We also put our issue ratings on debt issued by various NXP entities on CreditWatch positive.

The CreditWatch placement follows the announcement by leading global provider of wireless sector semiconductors and licensed technology Qualcomm Inc.'s that it had agreed to acquire NXP for $47 billion. The transaction will likely close in late 2017. The CreditWatch reflects the high likelihood that we could raise our long-term rating on NXP by several notches, up to the level of the rating on Qualcomm (A+/Watch Neg/A-1+) as a maximum.

In our view, the combined entity will have much larger scale, with annual pro forma revenues of more than $33 billion, compared with about $8.5 billion for NXP, and leading market share in several semiconductor segments, including mobile handsets and automotive. Additionally, it will have stronger profitability and a somewhat lower adjusted debt-to-EBITDA ratio than NXP on a stand-alone basis.
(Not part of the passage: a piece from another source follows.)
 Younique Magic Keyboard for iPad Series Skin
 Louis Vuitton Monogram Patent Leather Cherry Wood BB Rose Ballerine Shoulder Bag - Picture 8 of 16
Our long-term rating on NXP reflects our view of the company's large leading market positions in some high-performance analog and mixed-signal semiconductor applications, broad geographic diversity of customers and operations, and consistent above-market-average annual revenue growth. It also incorporates the company's strong free operating cash flow generation of about $1.5 billion annually, which is offset by significant shareholder distributions and an adjusted debt-to-EBITDA ratio of about 3.0x at year-end 2016 and between 2.0x and 2.4x in 2017, following the disposal of the standard
products business.

We expect to resolve the CreditWatch listing on NXP after the acquisition's close, which we anticipate in late 2017.
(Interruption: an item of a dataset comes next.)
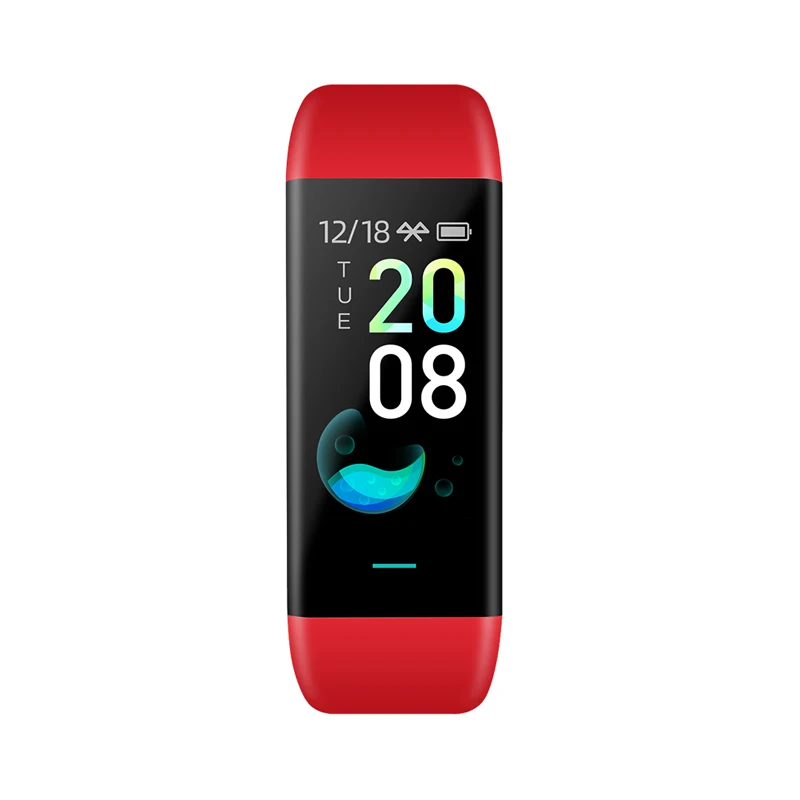  # YWK-P9 SKMEI 24h health HRV умные наручные часы с измерением кровяного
We will likely raise our long-term rating on NXP by several notches if the transaction closes successfully. However, our final rating decision will depend on:

  • The rating level of NXP's new parent Qualcomm, pro forma the transaction's completion, which we currently expect to be 'A+' or 'A' at the lowest.
  • Our assessment of Qualcomm's and NXP's parent-subsidiary relationship, which could lead to, at a maximum, rating equalization. Factors we will look at include the operational and legal integration of NXP into Qualcomm, including the integration of the treasury function; and the presence of any financial guarantees from Qualcomm to NXP or other incentives for Qualcomm to support NXP, such as cross-default clauses. NXP's capital structure post-closing.